DATASET EXCERPT:
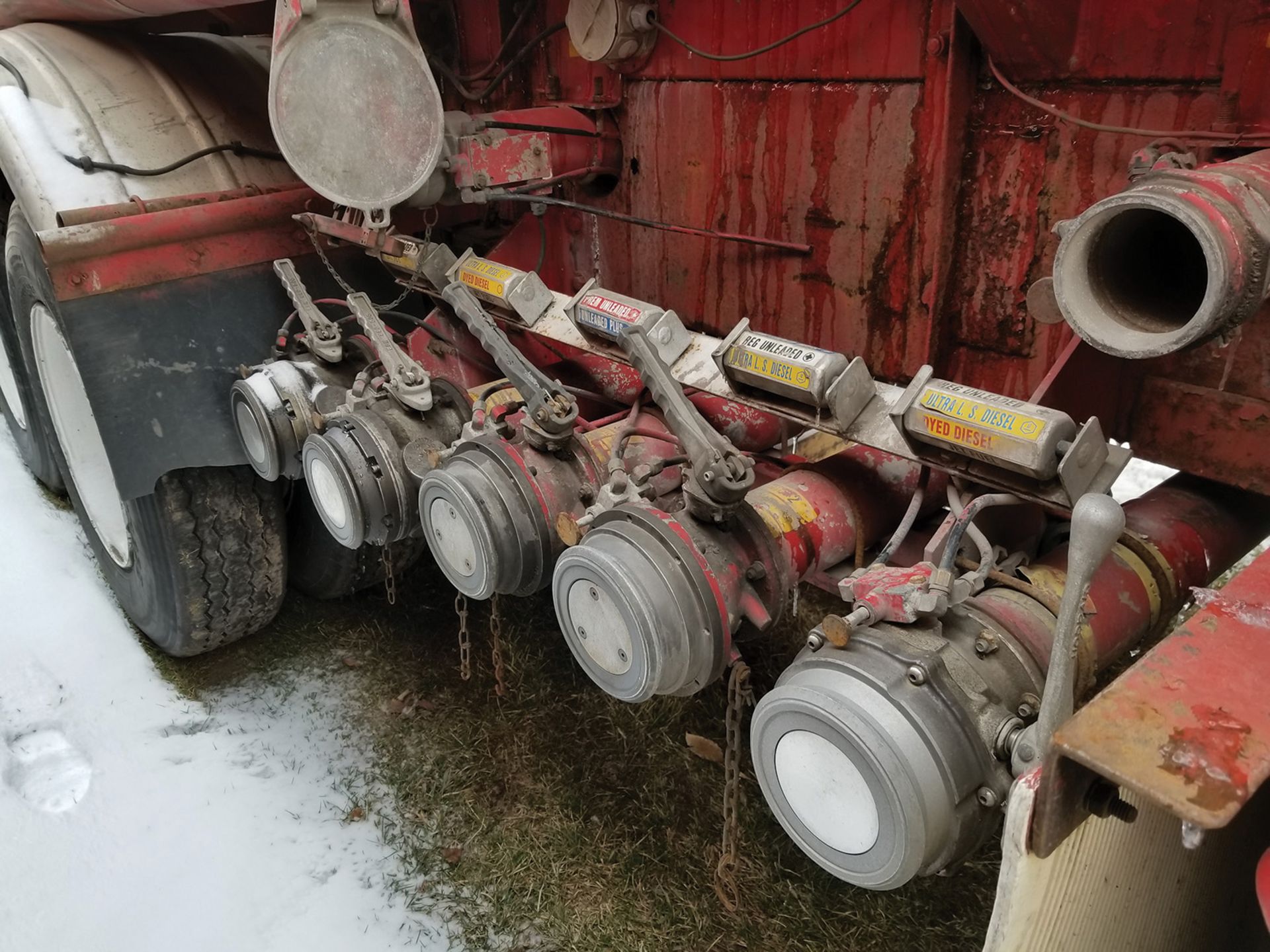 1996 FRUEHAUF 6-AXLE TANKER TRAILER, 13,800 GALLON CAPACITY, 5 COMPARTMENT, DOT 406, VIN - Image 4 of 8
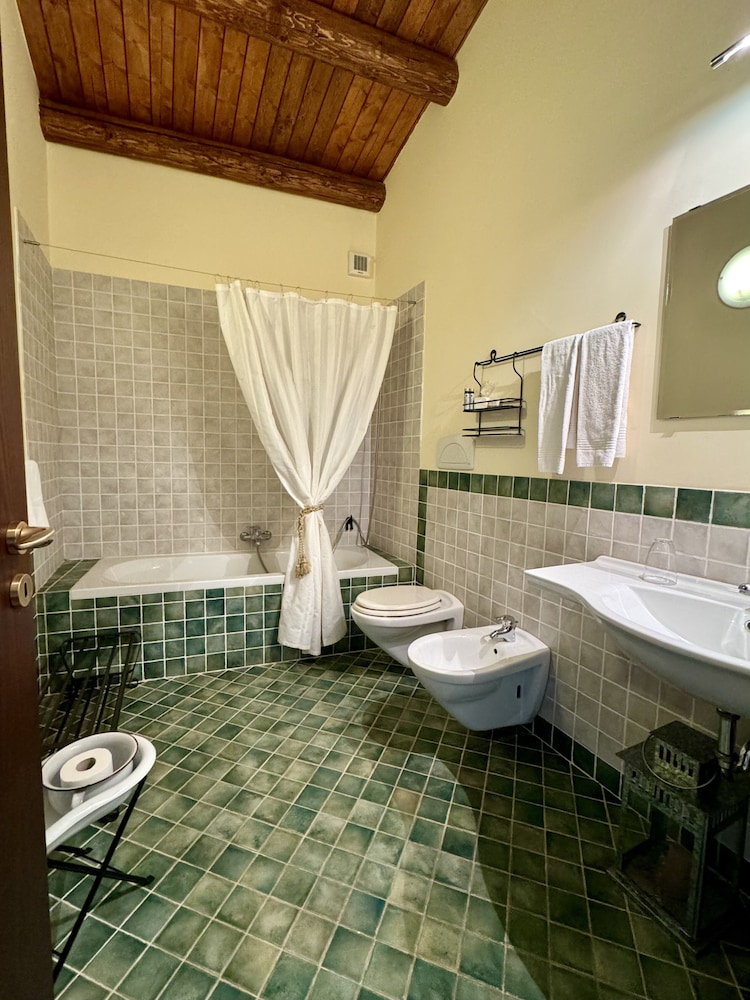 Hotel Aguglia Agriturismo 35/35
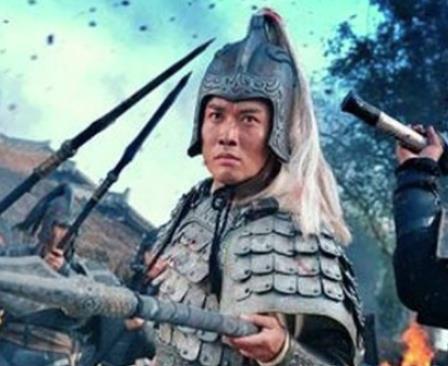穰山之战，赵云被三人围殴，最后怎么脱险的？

EXERCISE PROMPT: Exact copy, no images: rewrite the entire listing above.

EXERCISE RESULT:
 1996 FRUEHAUF 6-AXLE TANKER TRAILER, 13,800 GALLON CAPACITY, 5 COMPARTMENT, DOT 406, VIN - Image 4 of 8
 Hotel Aguglia Agriturismo 35/35
穰山之战，赵云被三人围殴，最后怎么脱险的？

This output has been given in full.